No doubt, the Internet can be an extremely useful tool for young people. But instant messaging, chat rooms, emails and social networking sites can also bring trouble - from cyberbullying to more serious Internet dangers, including exposure to sexual predators.

How savvy are you about keeping your child or teenager safe online? Follow these tips to protect your kids from the 4 major dangers of the Internet.

Internet Danger #1: Cyberbullying

On the Internet, cyberbullying takes various forms, says Netsmartz411.org, an online resource that educates parents about Internet safety. Cyberbullying includes sending hateful messages or even death threats to children, spreading lies about them online, making nasty comments on their social networking profiles, or creating a website to bash their looks or reputation.

Cyberbullying differs from schoolyard bullying, Handy says. Teachers can't intervene on the Internet. "When it happens online, there's no one to filter it," she says. And cyberbullies don't witness their victims' reactions, the way they might if they insulted others to their faces. "They don't see you crying," Handy says, which may make it easier for them to continue.
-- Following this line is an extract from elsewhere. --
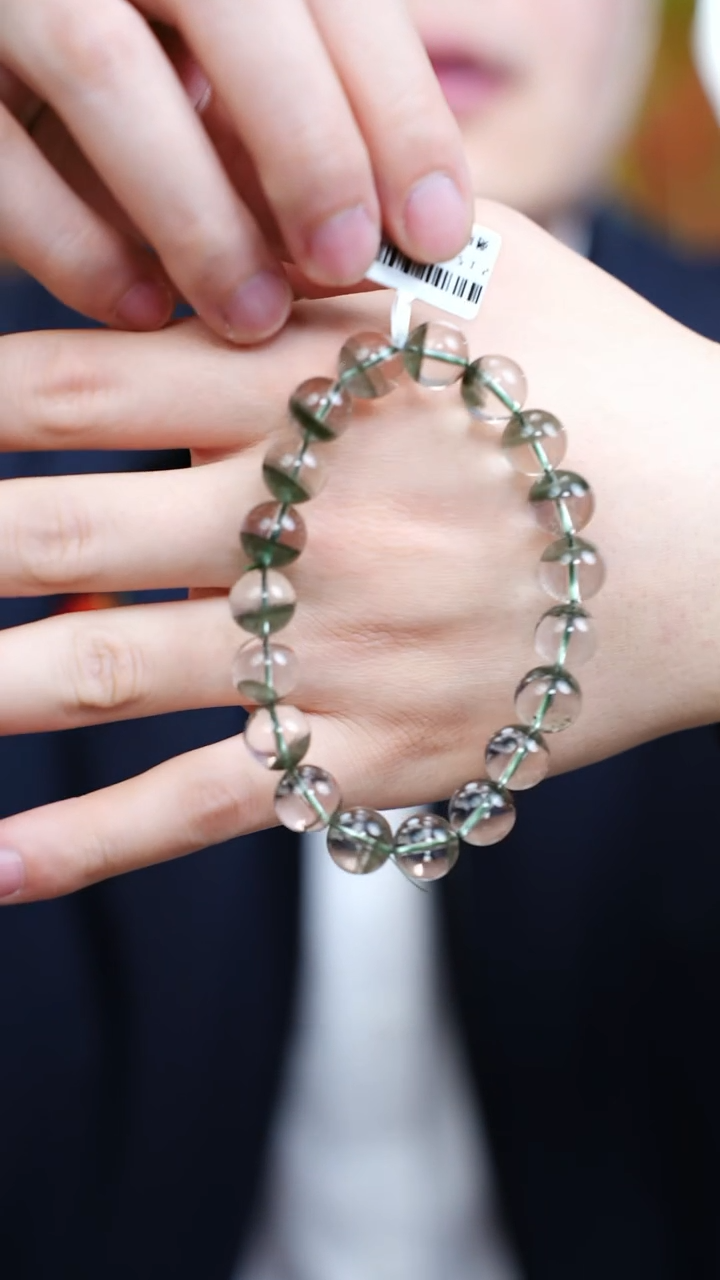 【闪购商品】水晶手链未镶嵌g124 绿幽灵手链11mm+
Some cyberbullies pose as their victims and send out harassing messages to others. Recently, cyberbullies have also begun posting humiliating videos of other kids they dislike, says Parry Aftab, a cyberspace security and privacy lawyer who also serves as executive director of WiredSafety.org, one of the largest Internet safety education groups in the world.

In the age of YouTube, a website that hosts videos shot by users, "Kids are looking for their 15 megabytes of fame," Aftab says. "They do it to show that they're big enough, popular enough, cool enough to get away with it."

Often, kids don't tell parents they're being cyberbullied; they're afraid their parents will overreact or yank Internet privileges, Aftab adds. Her advice? If your son or daughter tells you, stay calm. If it's a one-time thing, try to ignore the bully and block future contact, she says. But if the cyberbullying involves any physical threat, you may need to call the police.